Pakistan has been in the firing line of terrorists for over a decade. Several thousands have perished and yet the West has not taken note. Watching the West go into overdrive against the terrorists who killed French citizens, my mind kept reeling back to December 16, when seven gunmen belonging to the Tehreek-i-Talban Pakistan entered the Army Public School to shoot, burn and butcher 132 schoolchildren, ranging in age between eight and 18 years. The militants, all of whom were foreign nationals, one Chechen, three Arabs and two Afghans, entered the school, turning it into a killing field, slaughtering indiscriminately the staff and children.
Imagine the suffering of parents, brothers, sisters and relatives whose wounds will open up once again when they observe the one-year barsi of their loved ones, so cold-bloodedly murdered at the hands of these terrorists? Will the world remember them? No. Will President Obama recall Peshawar when he takes up the podium once again in January to address Congress? No! But, he’ll certainly dwell at length on Paris!
So this brings me to the conclusion that some lives are dearer than others. Only one journalist has had the courage to point out the difference between how Europe and America reacted to the French tragedy compared to terrorist attacks elsewhere in the world. Aryn Baker is TIME’s Africa correspondent. She has also been the magazine’s Pakistan-Afghanistan correspondent. Her column’s headline in TIME is an eye-opener: “Beirut wonders if some terror attacks mean more than others”. Baker begins by saying that more than 40 died in Beirut in an Islamic State (IS) terror attack a day before the Paris strikes, but Lebanese victims haven’t received the same attention. “I’m not much of a mathematician, but back when I was a correspondent in Pakistan and Afghanistan in the middle 2000s, I tried to make sense of the barrage of terror attacks by developing my own little algorithm. I called it Taliban math. The first suicide bombing — in a market, in a capital city, in a school — was international news. In order for the next bombing to make a story, the number of dead had to be exponentially higher. I tried to pin down a ratio: how many Pakistani or Afghan dead would it take to generate the same newsworthiness as the death of an American?”

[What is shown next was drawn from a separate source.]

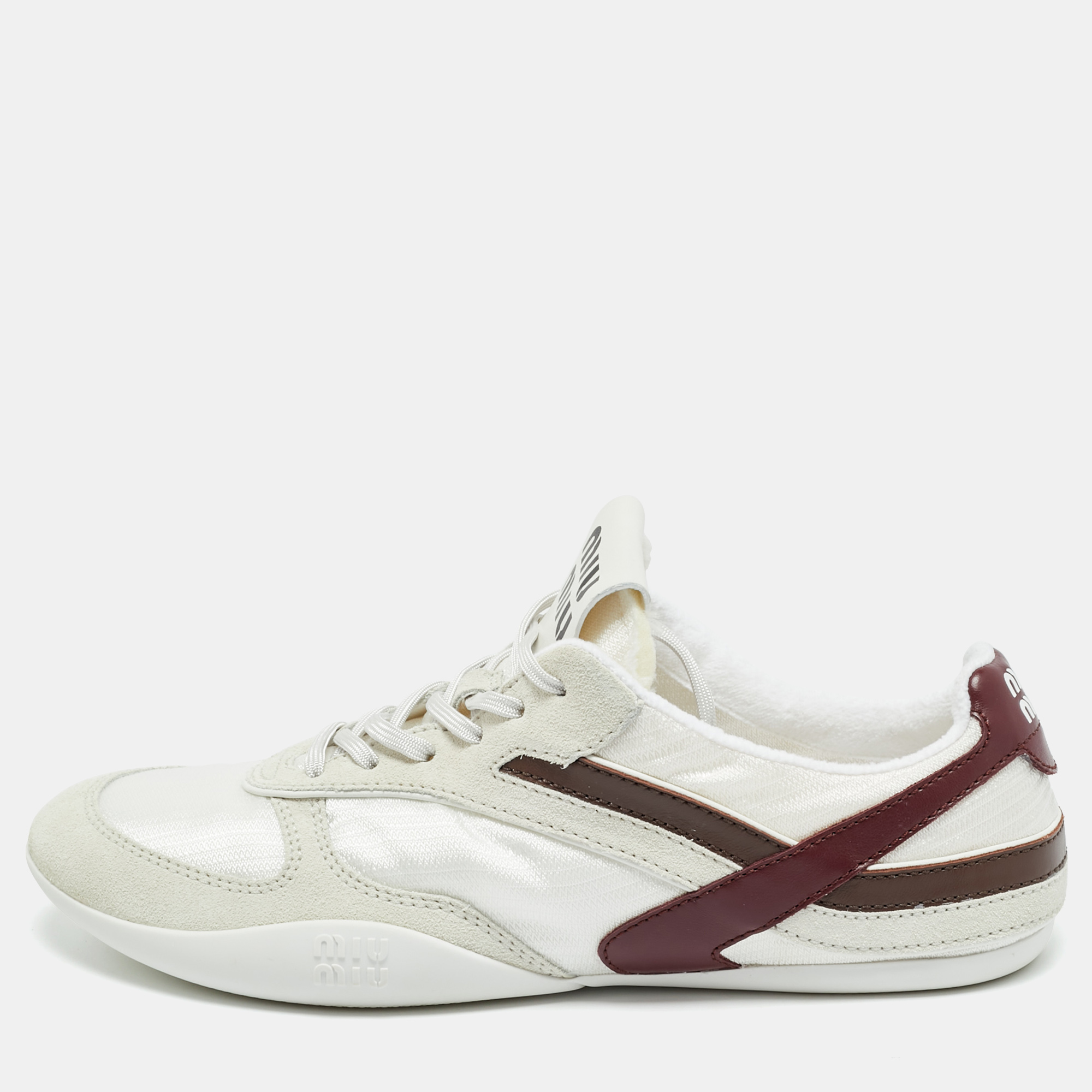 

Miu Miu Gymnasium Size  Grey Fabric and Suede Lace Up Sneakers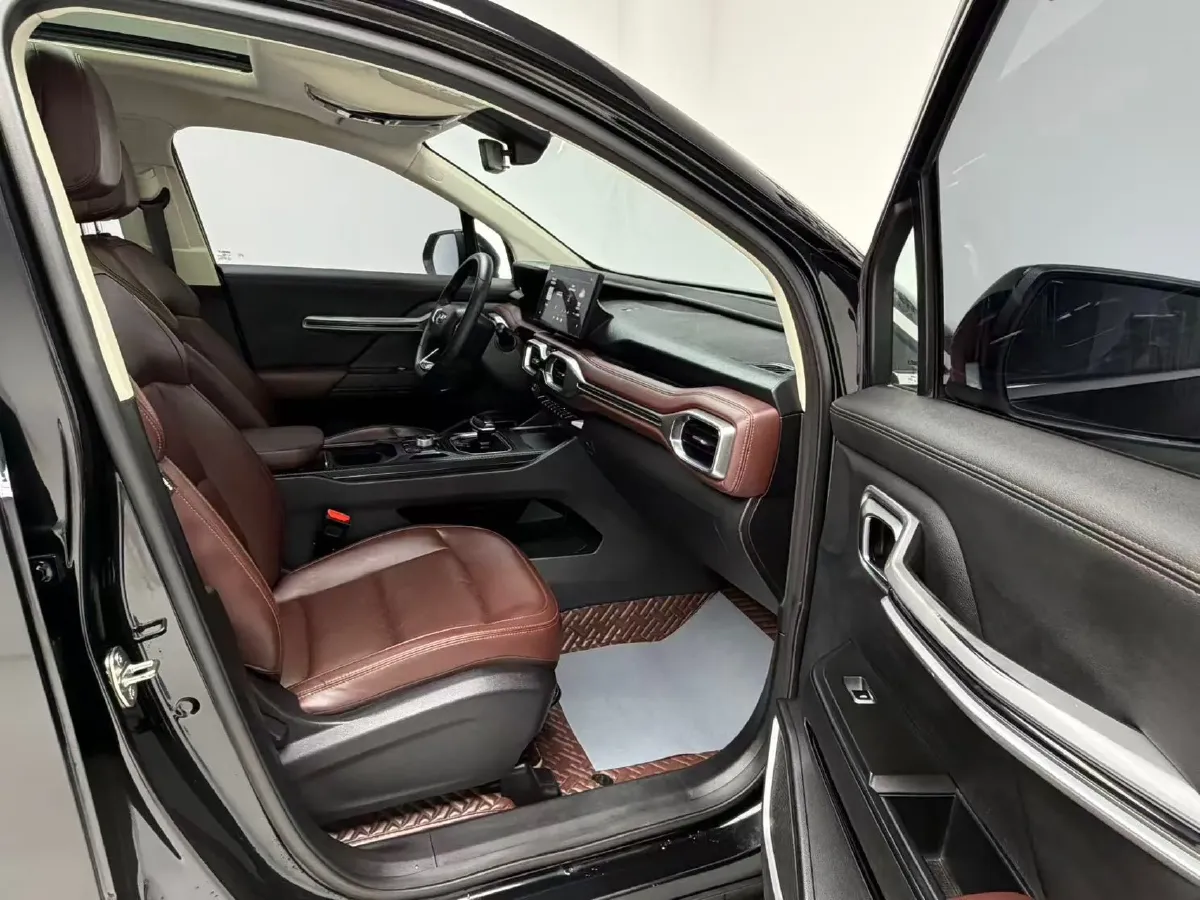 2020 Geely Okavango 1.8T 184HP L4 7DCT,autocango,china used car exporter,china ev exporter,chinese used car exporter,chinese used ev exporter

Baker says that she thought about the terror attacks that unfurled both in Beirut, where she was based from 2010 to 2014, and Paris, where she lived in the late 1990s. “The Beirut bombings, on November 12, killed 43. A pair of motorcycle-mounted suicide bombers left a further 200 injured.” While it was a news item and was cited as the worst bombing since Beirut’s civil war ended in 1990, geopolitics also came into play. The attack was claimed by the IS, but since it took place in a neighbourhood that was a stronghold of Hezbollah, which is fighting in Syria on behalf of President Bashar al-Assad, with backing from Iran, the international coverage didn’t care to consider reporting the tragedy in depth, she writes.
The Paris victims were named, their brief biographies sketched out by the media to give the tragedy a human touch. The disparity of news coverage between the Beirut and Paris attacks, one day apart, and claimed by the same terror group, is striking. Geopolitics always rears its ugly head. “Until there is some recognition that an Isis attack or al Qaeda attack on one country is an attack on all, terrorism will be everybody’s problem — a problem that won’t be solved,” concludes Baker.
Published in The Express Tribune, December 3rd, 2015.